Rep. McClintock: Spending Spree in Budget Deal Paid for by 'Higher Taxes'

Rep. McClintock: Spending Spree in Budget Deal Paid for by 'Higher Taxes'

On Thursday, Rep. Tom McClintock (R-CA) said he voted against the budget deal brokered by Rep. Paul Ryan (R-WI) and Sen. Patty Murray (D-WA) because the spending spree will be paid for with higher taxes. 

“Some of the discussion has focused on how much of the spending spree will be paid with higher taxes. The answer is, ‘all of it,'” McClintock said. “Once government spends a dollar, it has already decided to tax that dollar – the only questions that remain are who gets the bill and when.”

The deal, which increases spending beyond the sequester levels and raises so-called “fees” on airline travelers, passed the House by a 333-94 vote.  

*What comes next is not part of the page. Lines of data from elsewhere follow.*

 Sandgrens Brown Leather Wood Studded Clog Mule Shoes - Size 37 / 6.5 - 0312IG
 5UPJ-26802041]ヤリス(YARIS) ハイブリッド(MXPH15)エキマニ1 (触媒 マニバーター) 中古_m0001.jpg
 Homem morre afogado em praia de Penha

McClintock said the “House Republican leadership pushed through a two-year budget that will allow the federal government to spend an additional $63 billion more than current law allows – money that our country does not have.”

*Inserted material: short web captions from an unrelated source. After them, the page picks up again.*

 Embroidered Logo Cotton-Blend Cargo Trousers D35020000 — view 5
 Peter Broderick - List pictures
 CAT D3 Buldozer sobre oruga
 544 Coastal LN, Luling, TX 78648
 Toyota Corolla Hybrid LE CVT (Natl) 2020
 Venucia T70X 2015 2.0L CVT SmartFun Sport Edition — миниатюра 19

He also said that “sixty-three billion dollars of new spending – and therefore new taxes in some form – is not a small amount of money. It averages about $570 of added burdens for every family in America.”

McClintock then blasted the deal for its “lie” that requires Americans to believe that “Congress will magically summon the fiscal discipline that has eluded it in the present” before quoting former Reagan budget director David Stockman, who said that the budget deal was a “a joke and betrayal.”

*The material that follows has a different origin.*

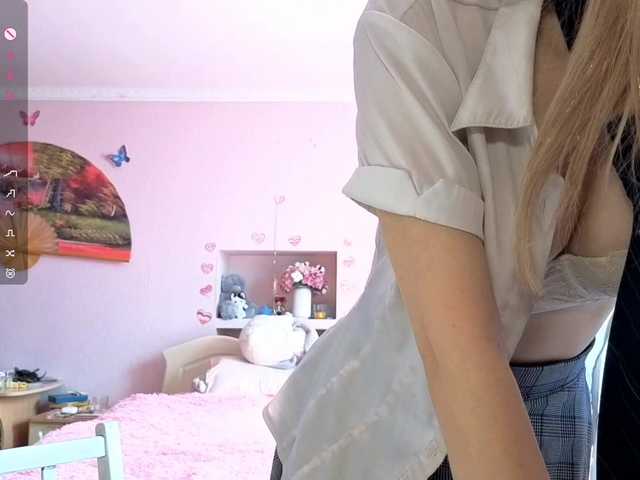LeilaGerveler live cam on BongaCams
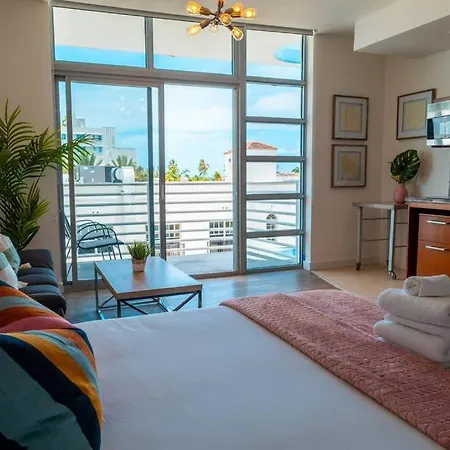 Suite With Rooftop-Pool And Bar On Ocean Dr-3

“It’s the final surrender of the House Republican leadership to Beltway politics and kicking the can and ignoring the budget monster that’s hurtling down the road,” Stockman had said earlier in the week.

McClintock, the fiscal conservative who was a part of the Tea Party before it existed in California, emphasized that the “budget is a mistake at a time when we can’t afford many more mistakes.”

“The path of least resistance, even if paved with good intentions, is not a path America can afford to travel any longer,” he said.